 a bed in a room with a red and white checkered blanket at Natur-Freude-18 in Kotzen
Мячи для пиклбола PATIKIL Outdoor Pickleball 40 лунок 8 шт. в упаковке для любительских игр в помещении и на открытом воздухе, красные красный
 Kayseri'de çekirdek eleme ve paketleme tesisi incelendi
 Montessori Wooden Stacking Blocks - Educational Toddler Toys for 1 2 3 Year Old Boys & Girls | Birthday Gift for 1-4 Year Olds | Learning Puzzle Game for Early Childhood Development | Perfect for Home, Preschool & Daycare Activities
+--
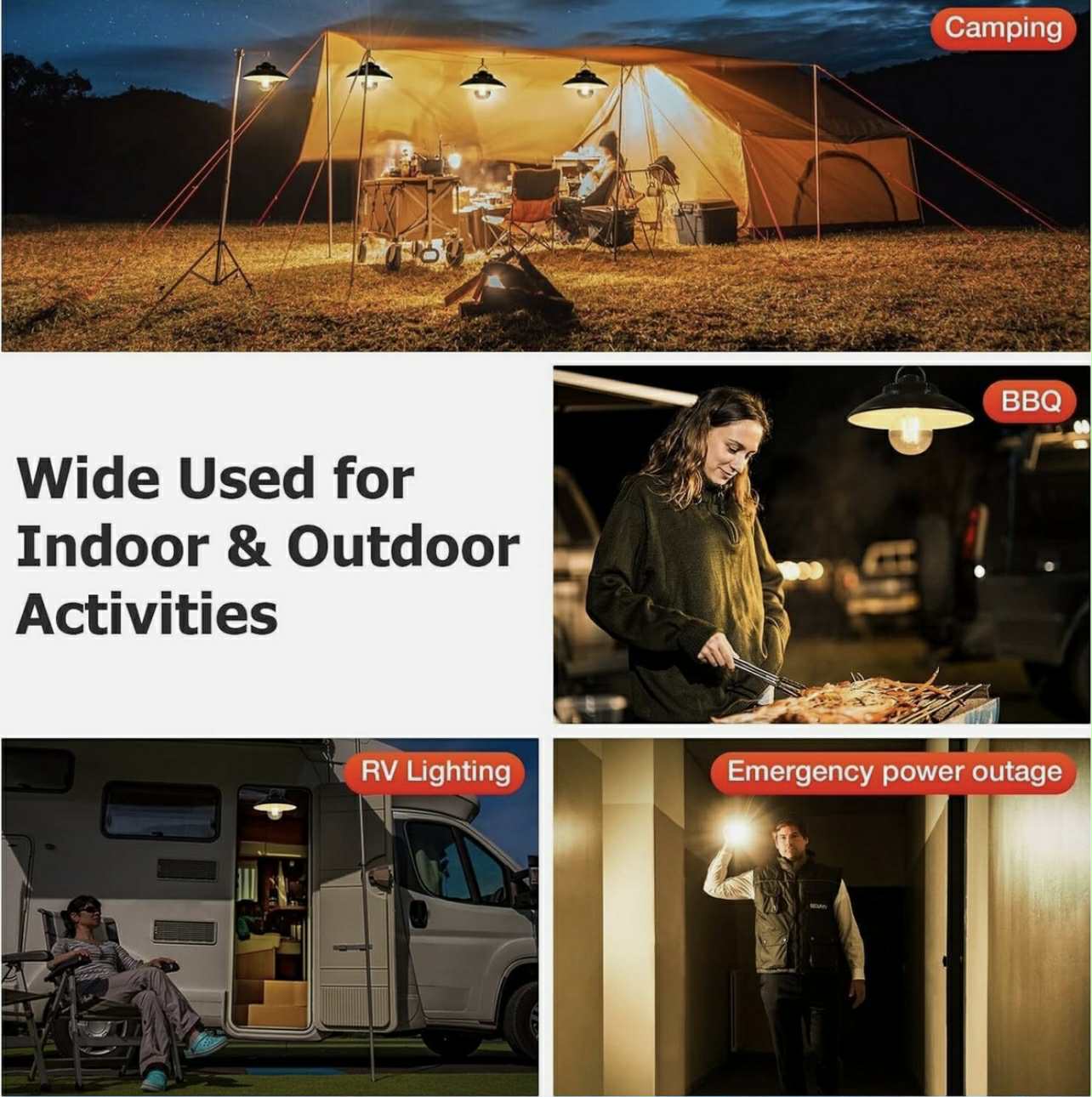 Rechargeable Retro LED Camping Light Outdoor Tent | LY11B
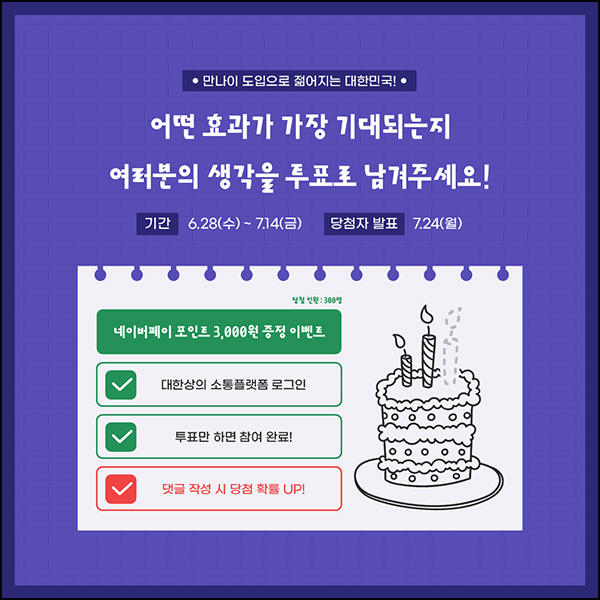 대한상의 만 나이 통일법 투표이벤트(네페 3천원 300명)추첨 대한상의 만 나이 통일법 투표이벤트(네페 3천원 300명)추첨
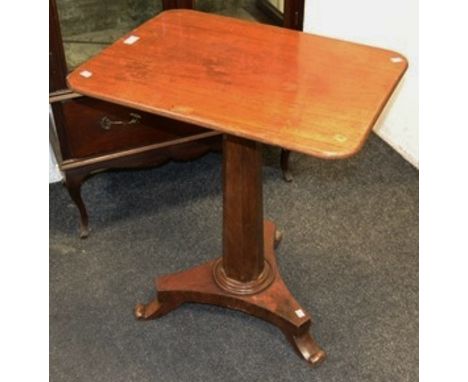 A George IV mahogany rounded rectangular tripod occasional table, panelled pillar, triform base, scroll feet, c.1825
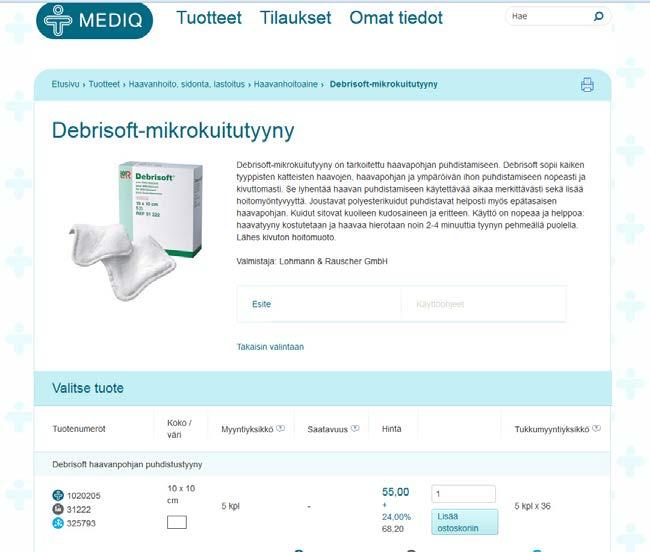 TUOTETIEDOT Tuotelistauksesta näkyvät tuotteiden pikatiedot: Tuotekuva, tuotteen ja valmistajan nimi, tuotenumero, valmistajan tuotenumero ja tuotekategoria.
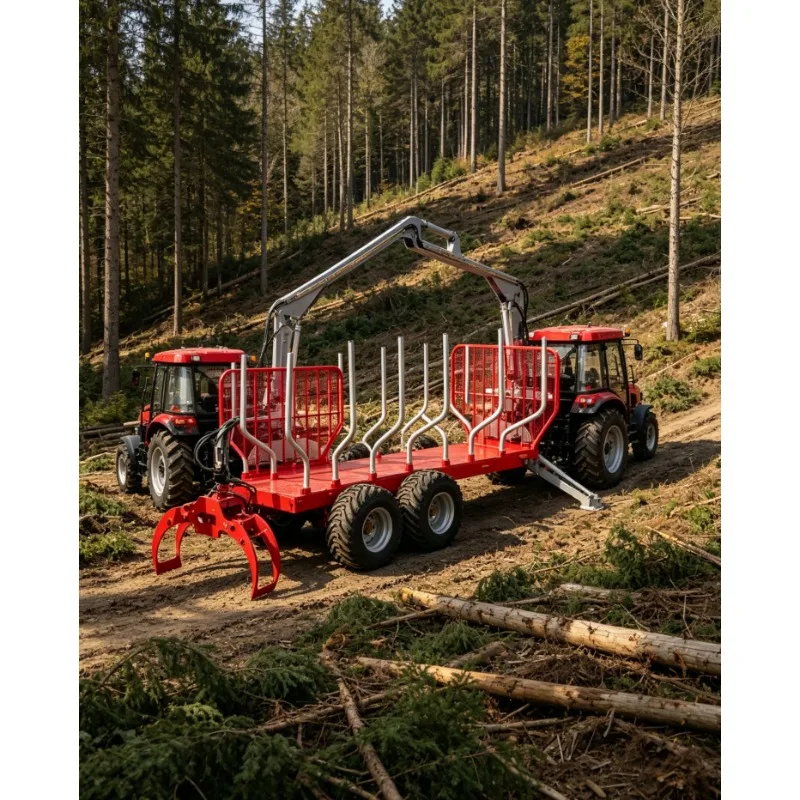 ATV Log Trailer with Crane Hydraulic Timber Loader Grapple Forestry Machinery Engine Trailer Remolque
+--
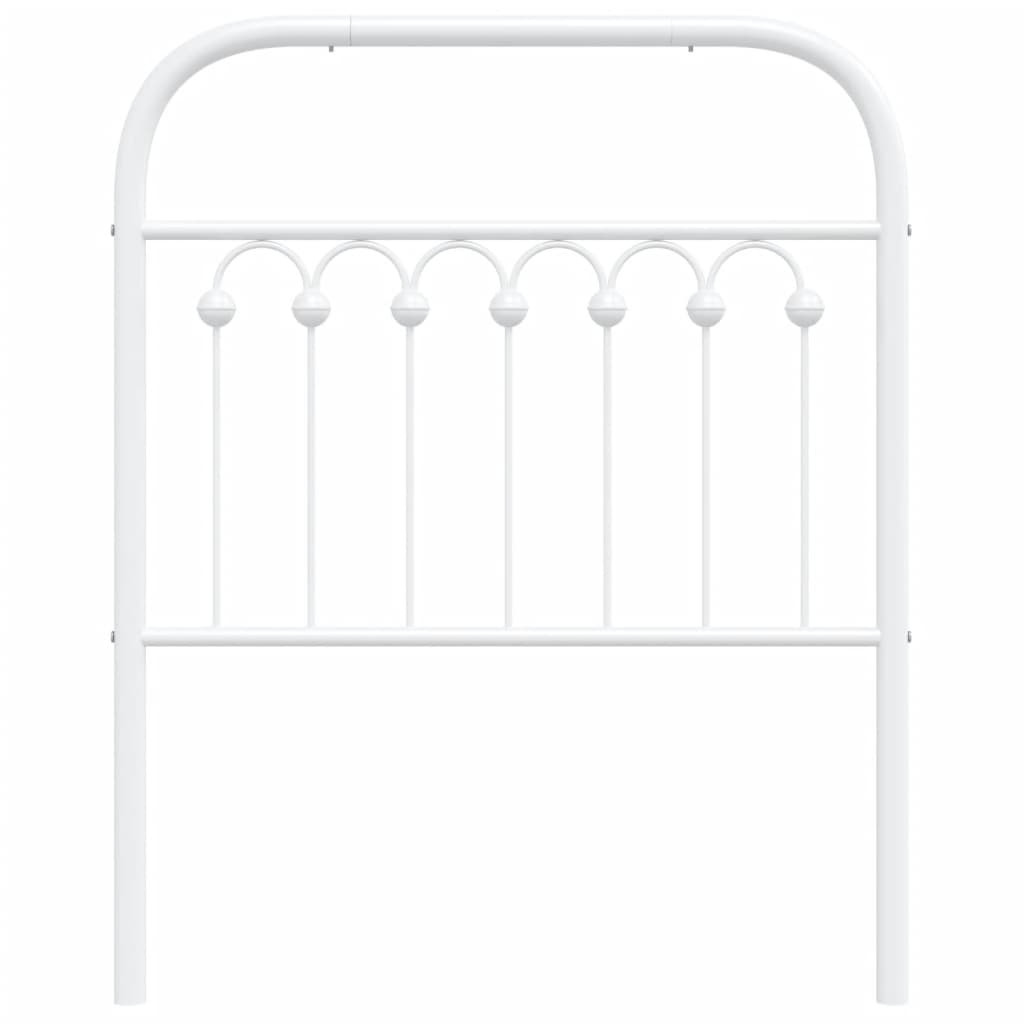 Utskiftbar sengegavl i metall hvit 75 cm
+--
## WHAT TO DO
Taking the material above, extract exactly and only the lines from the line with "a bed in a room" to the line with "Montessori Wooden Stacking", inclusive of both.

## YOUR RESPONSE
 a bed in a room with a red and white checkered blanket at Natur-Freude-18 in Kotzen
Мячи для пиклбола PATIKIL Outdoor Pickleball 40 лунок 8 шт. в упаковке для любительских игр в помещении и на открытом воздухе, красные красный
 Kayseri'de çekirdek eleme ve paketleme tesisi incelendi
 Montessori Wooden Stacking Blocks - Educational Toddler Toys for 1 2 3 Year Old Boys & Girls | Birthday Gift for 1-4 Year Olds | Learning Puzzle Game for Early Childhood Development | Perfect for Home, Preschool & Daycare Activities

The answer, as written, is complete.